■ Exercise aim
Reproduce exactly the lines from the one containing "2. Alfa Romeo" through the end of the entries, including both. Drop the pictures.

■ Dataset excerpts
-.-.-

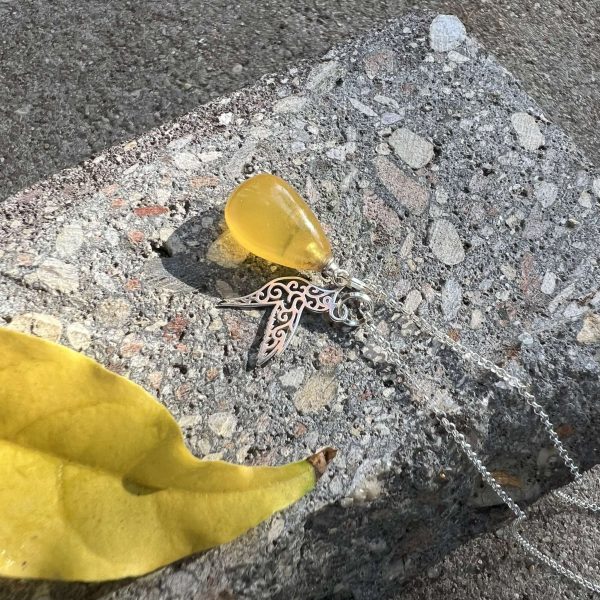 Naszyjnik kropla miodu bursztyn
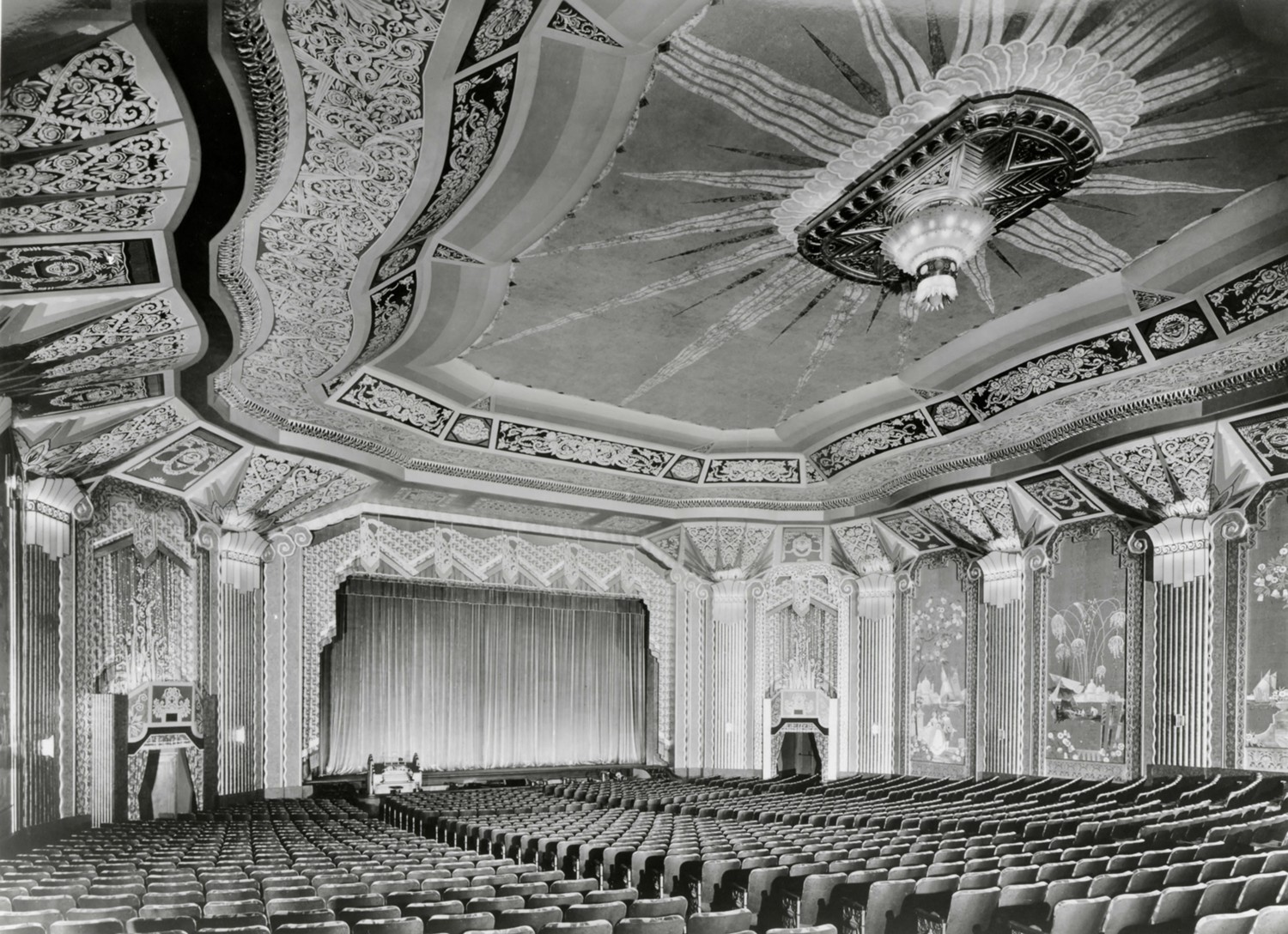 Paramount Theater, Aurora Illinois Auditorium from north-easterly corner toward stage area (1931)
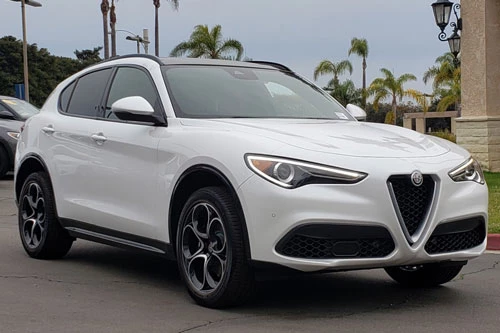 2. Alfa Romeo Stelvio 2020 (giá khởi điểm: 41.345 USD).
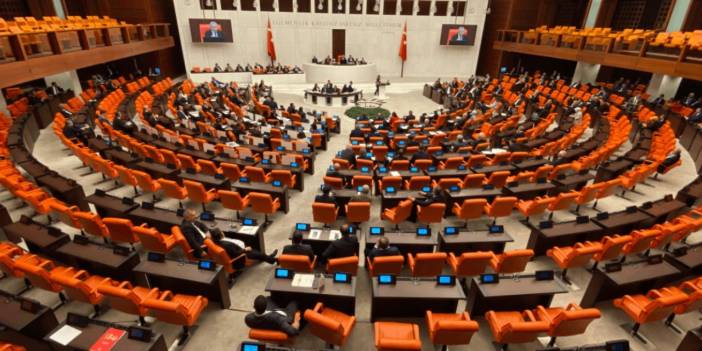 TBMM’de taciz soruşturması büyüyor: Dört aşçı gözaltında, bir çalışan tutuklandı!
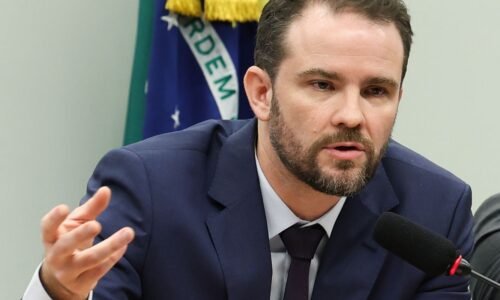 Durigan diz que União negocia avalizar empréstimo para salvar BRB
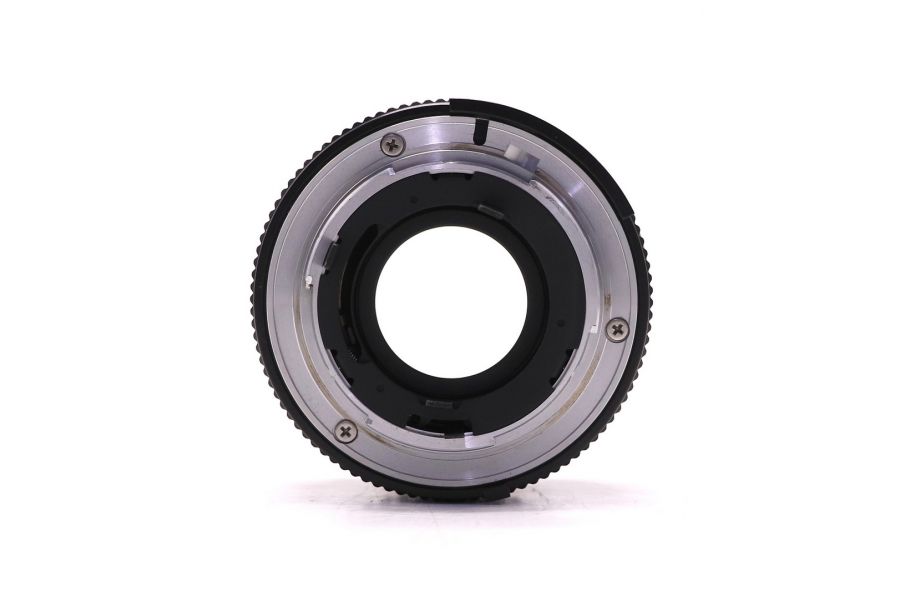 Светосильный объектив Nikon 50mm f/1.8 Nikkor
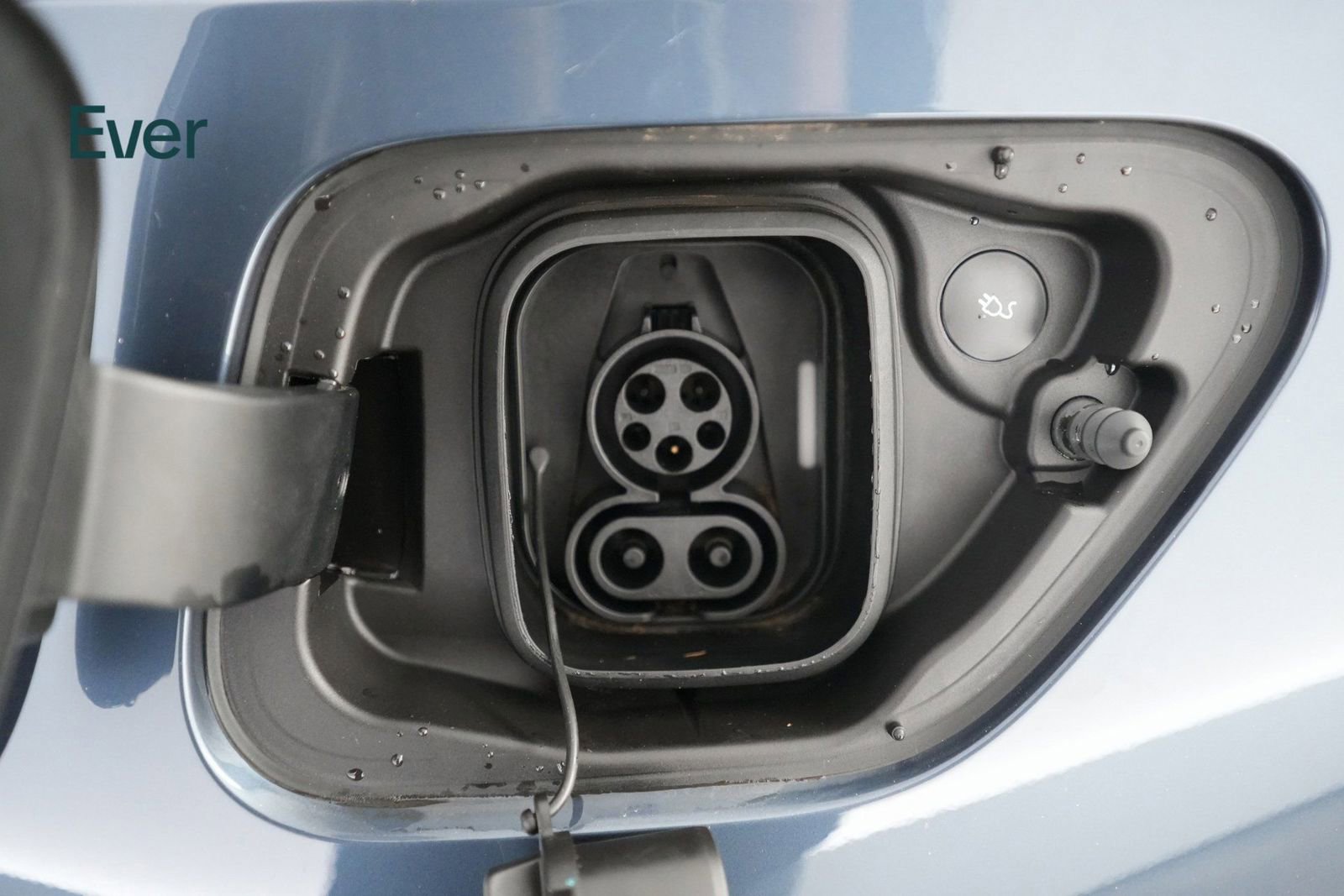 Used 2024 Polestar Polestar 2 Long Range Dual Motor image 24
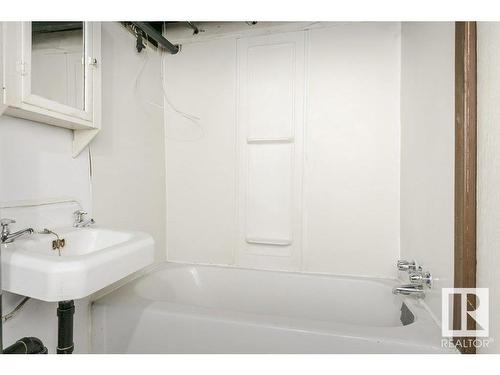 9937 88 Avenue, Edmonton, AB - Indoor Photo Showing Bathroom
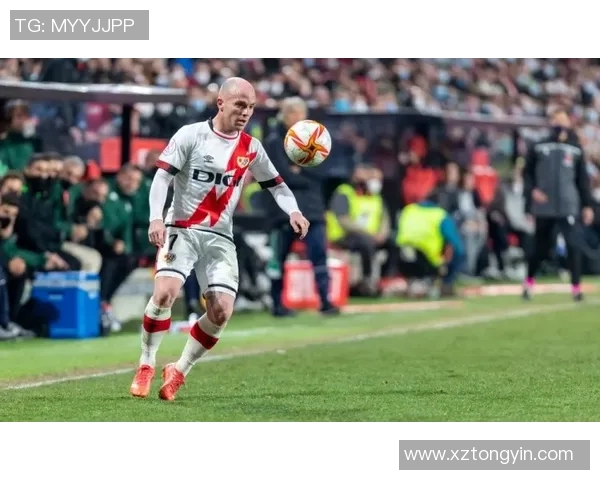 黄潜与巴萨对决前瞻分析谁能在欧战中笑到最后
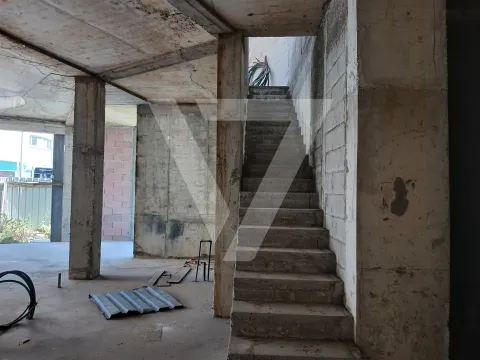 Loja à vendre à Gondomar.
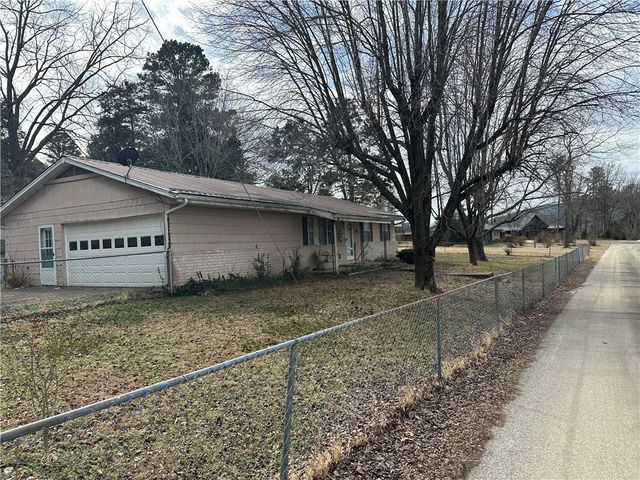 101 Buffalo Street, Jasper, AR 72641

-.-.-

■ Solved exercise
 2. Alfa Romeo Stelvio 2020 (giá khởi điểm: 41.345 USD).
 TBMM’de taciz soruşturması büyüyor: Dört aşçı gözaltında, bir çalışan tutuklandı!
 Durigan diz que União negocia avalizar empréstimo para salvar BRB
 Светосильный объектив Nikon 50mm f/1.8 Nikkor
 Used 2024 Polestar Polestar 2 Long Range Dual Motor image 24
 9937 88 Avenue, Edmonton, AB - Indoor Photo Showing Bathroom
 黄潜与巴萨对决前瞻分析谁能在欧战中笑到最后
 Loja à vendre à Gondomar.
 101 Buffalo Street, Jasper, AR 72641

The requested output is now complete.